• _Task to carry out_: Starting at the line that contains "1PC Heart Shape", return every line through the end of the data exactly, without pictures.

• _Supplied information_:
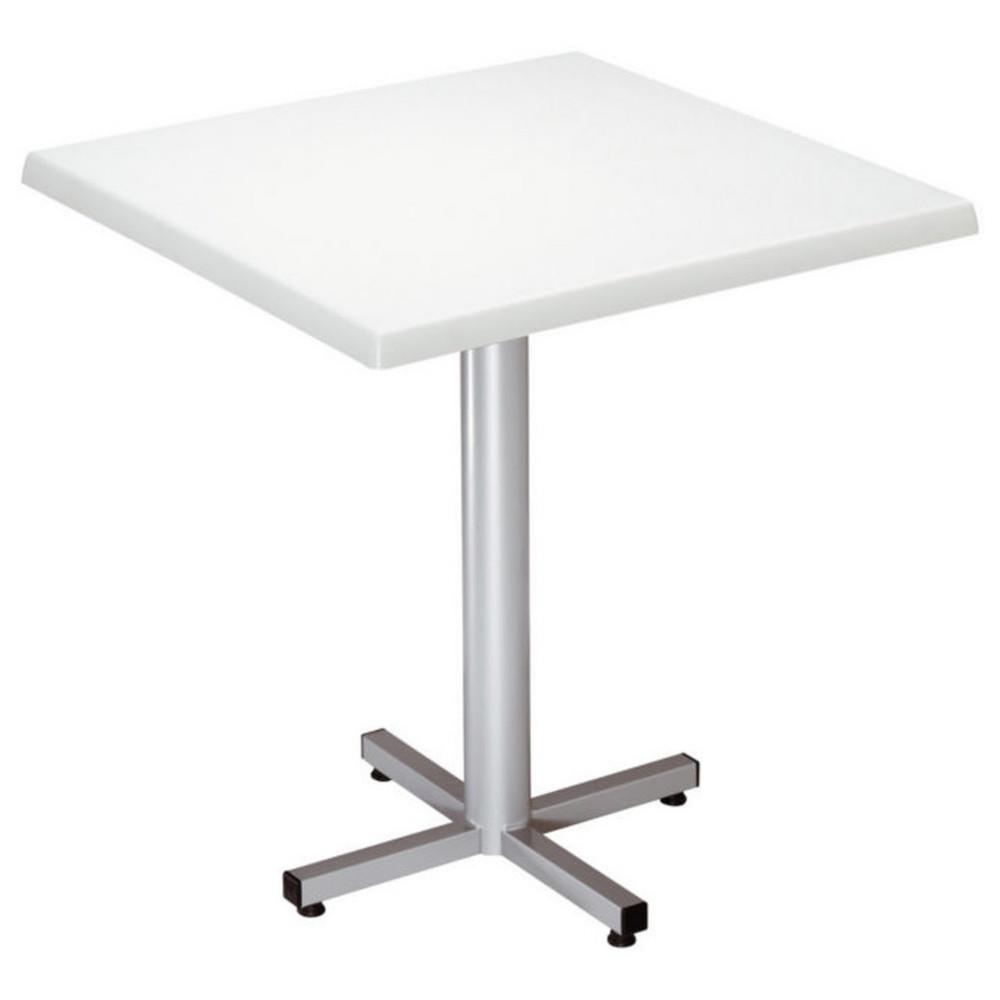 Table Brown plateau carr 70x70cm Blanc - Pied central Aluminium
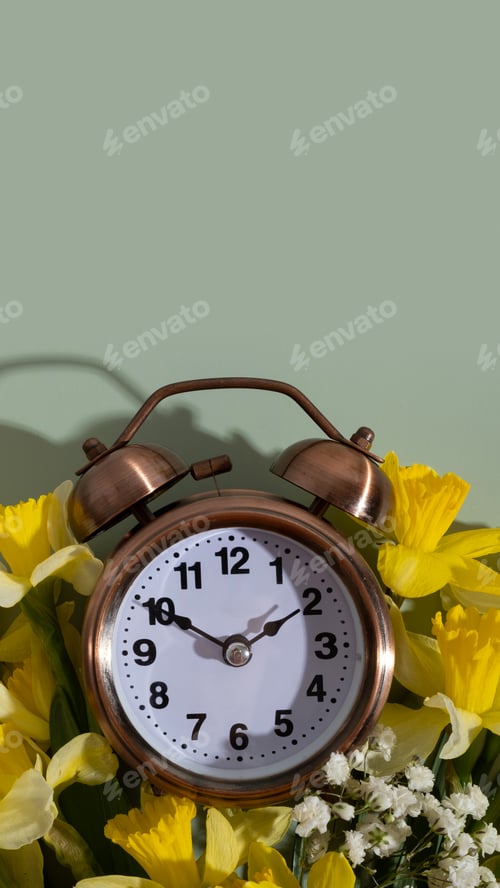 Preview: Alarm clock with yellow daffodils flowers top view; flat lay. Spring time, daylight savings concept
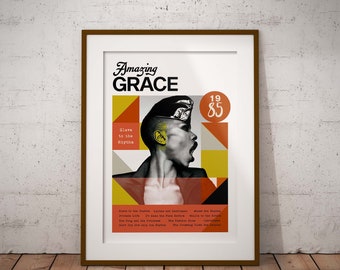 Grace Jones Vintage Poster – Iconic Black and White Portrait with Bold Colour Accents
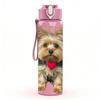 1PC Heart Shape Terrier Dog Print 750ml Color Plastic Sports Water Bottle Leakproof Flip Straw Lid Suitable for Sports Office Home Use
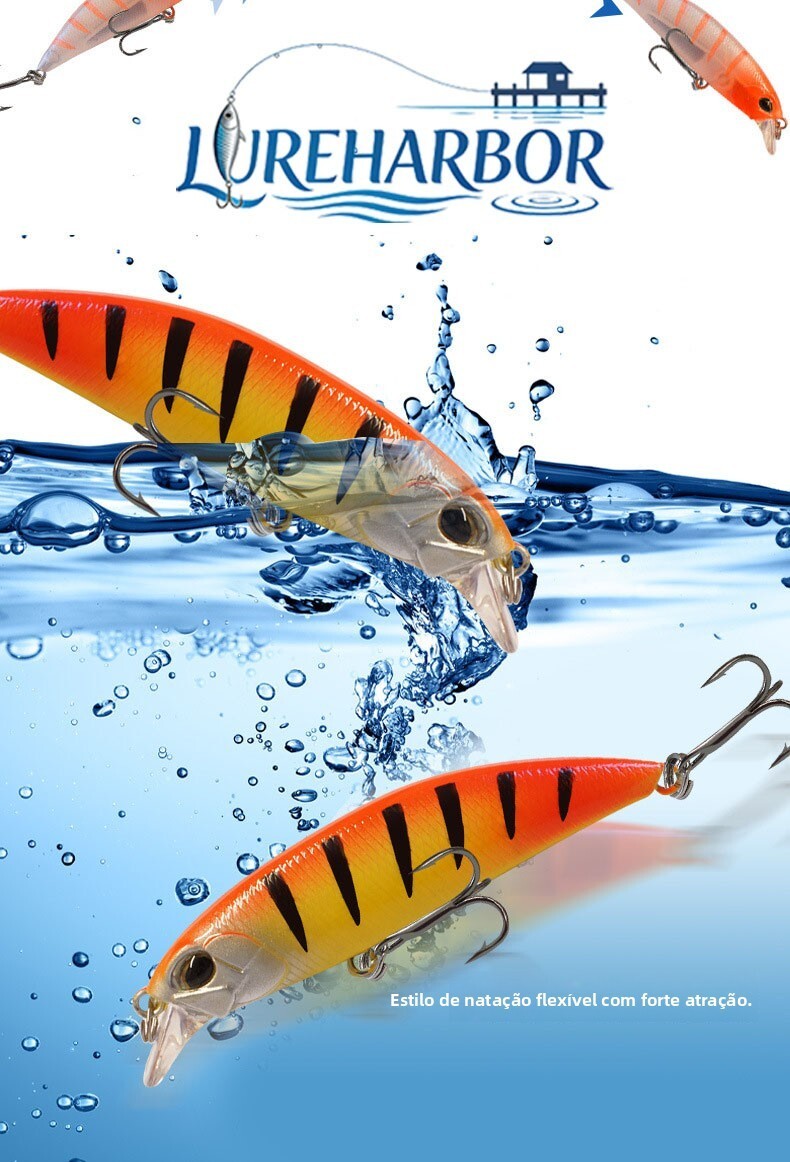 LUREHARBOR minnow isca falsa atacado louco minnow Laser 7cm8g conjunto isca isca isca dura atacado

• _Result for this exercise_:
 1PC Heart Shape Terrier Dog Print 750ml Color Plastic Sports Water Bottle Leakproof Flip Straw Lid Suitable for Sports Office Home Use
 LUREHARBOR minnow isca falsa atacado louco minnow Laser 7cm8g conjunto isca isca isca dura atacado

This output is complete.